Many gamers have a love-hate relationship when it comes to Capcom's Resident Evil series. For every good game in the series, it's easy to mention another one that's bad; for example, Resident Evil 4 vs. Resident Evil 6.
One Resident Evil that many can't help but bring up when referencing low points in the series is the 2012 disaster known as Resident Evil: Operation Raccoon City. On paper, the game seemed amazing: players would control one of the four members of the Umbrella Security Service Delta during the events of Resident Evil 2 in order to remove any and all evidence of Umbrella's involvement in the Raccoon City incident.
In practice, the game was a nightmare. The single-player mode was a wash across the board with poor mission design, narrative design and awful AI. The multiplayer was somewhat better, but wasn't good enough to justify the game as a whole.

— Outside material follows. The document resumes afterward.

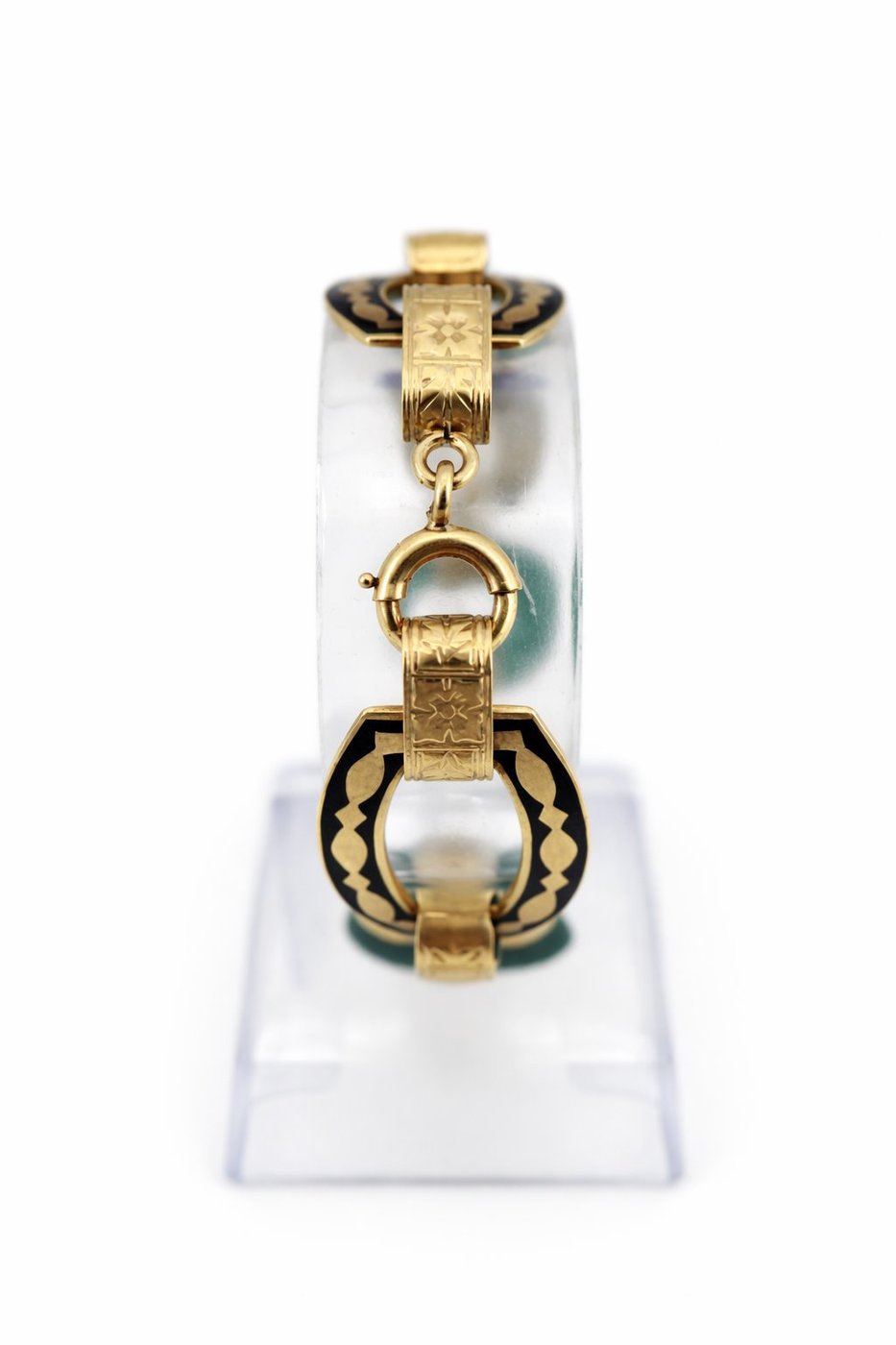 Antique Art Deco Carved Undyed Green Onyx and Black Enamel 14K Gold Bracelet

As a whole, the game did well commercially, with Capcom announcing in May 2012 that the game shipped two million units worldwide. These results hardly surprised anyone, however; so long as Resident Evil is slapped on the title, people will buy it without knowing what they're getting themselves into.
Fast-forward to TGS 2015, and out came Capcom with a new game that appeared quite similar to Operation Raccoon City, called Resident Evil: Umbrella Corps. Many were critical of Capcom's latest game as soon it was revealed, immediately calling upon the similarities it shares with Operation Raccoon City. Also, of course, these concerns weren't without merit: it features squad-based multiplayer just like the other game and seemingly offers little to the main series, once again, like the other game.
In the end, however, the best way to discover whether Capcom's attempt at this genre would be to get your hands on the game, and to no one's surprise, the game looks just as bad as its predecessor.
In a video, we get to see 15 minutes of Resident Evil: Umbrella Corps in action, and it doesn't impress. Graphically, the game doesn't appear too bad, but the movement looks extremely stiff, and the narrator complains about that as well.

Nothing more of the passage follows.